We find a species that evolved on this planet in ways which used cooperation and empathy and altruism and love to compensate for physical weakness.
This is a story of a species that lived together in peace and security for thousands of years, sustained by its ability to adjust to the needs of community and the opportunities offered by a rich and gracious earth.
This was the story of our species for uncounted millennia until a new story began to be told.
This new story evolved over time and was closely tied to our western, Judio-Christian religion.
This new story was so negative that it would make Appreciative Inquiry appear silly or irrelevant.
This is a story which depicted humanity as fallen from a previous state of grace, and crippled and morally bankrupt.
If one assumes that we are unable to trust others or that the world is characterized by fear, violence, mayhem, and murder, it does not make sense to start by asking about what works.
If we can get beyond the default settings supplied by our western culture, we can use Appreciate Inquiry to help us see that the fundamental nature of humanity did not change. Even in the midst of violence and pain and suffering and death, most people remained cooperative and altruistic and empathetic and loving.
It is time again to affirm what has always been the source of our success--our ability to care for and support and sustain each other and the community, to dream a world that is gracious and by the dreaming to bring it into being.

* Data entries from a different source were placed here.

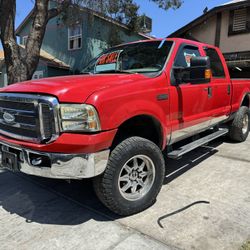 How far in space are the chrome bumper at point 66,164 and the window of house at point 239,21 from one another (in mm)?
13718

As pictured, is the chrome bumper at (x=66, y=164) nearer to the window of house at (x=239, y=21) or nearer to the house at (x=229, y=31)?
the house at (x=229, y=31)

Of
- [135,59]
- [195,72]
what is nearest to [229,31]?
[135,59]

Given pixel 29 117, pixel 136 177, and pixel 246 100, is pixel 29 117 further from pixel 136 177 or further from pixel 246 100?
pixel 246 100

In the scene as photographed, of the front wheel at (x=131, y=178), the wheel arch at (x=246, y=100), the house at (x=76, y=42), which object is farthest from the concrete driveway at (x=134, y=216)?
the house at (x=76, y=42)

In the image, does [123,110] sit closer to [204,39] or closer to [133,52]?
[133,52]

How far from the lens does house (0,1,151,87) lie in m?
19.1

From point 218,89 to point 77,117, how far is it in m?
3.30

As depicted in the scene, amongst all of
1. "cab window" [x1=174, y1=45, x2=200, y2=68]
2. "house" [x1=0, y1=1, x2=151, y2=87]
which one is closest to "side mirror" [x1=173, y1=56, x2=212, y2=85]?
"cab window" [x1=174, y1=45, x2=200, y2=68]

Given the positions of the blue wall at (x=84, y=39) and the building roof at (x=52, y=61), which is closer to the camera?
the blue wall at (x=84, y=39)

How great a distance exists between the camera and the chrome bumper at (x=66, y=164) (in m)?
2.98

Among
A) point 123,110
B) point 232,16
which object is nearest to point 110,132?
point 123,110

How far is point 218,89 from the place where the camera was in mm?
5457

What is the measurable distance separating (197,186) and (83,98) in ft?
7.62

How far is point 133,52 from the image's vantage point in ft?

So I return to the conflict between a belief in Original Sin versus a belief in Original Goodness.
A belief in Original Sin results in a story of humanity, fallen, depraved, untrustworthy, selfish, brutal, and held in check only by the threat of legal and religious retribution.
The alternative is a belief in Original Goodness.
It assumes that human beings, by nature, are driven to cooperate with each other.
Without trying to evaluate which belief is more valid, I have concluded that I would rather believe that human beings, by nature, are driven to responsibility for each other.
I would rather believe that human beings, by nature, are driven to understand self-interest in terms of the greater good. I would rather believe that human beings can be trusted. This understanding of human nature has the possibility of creating a world in which those qualities predominate.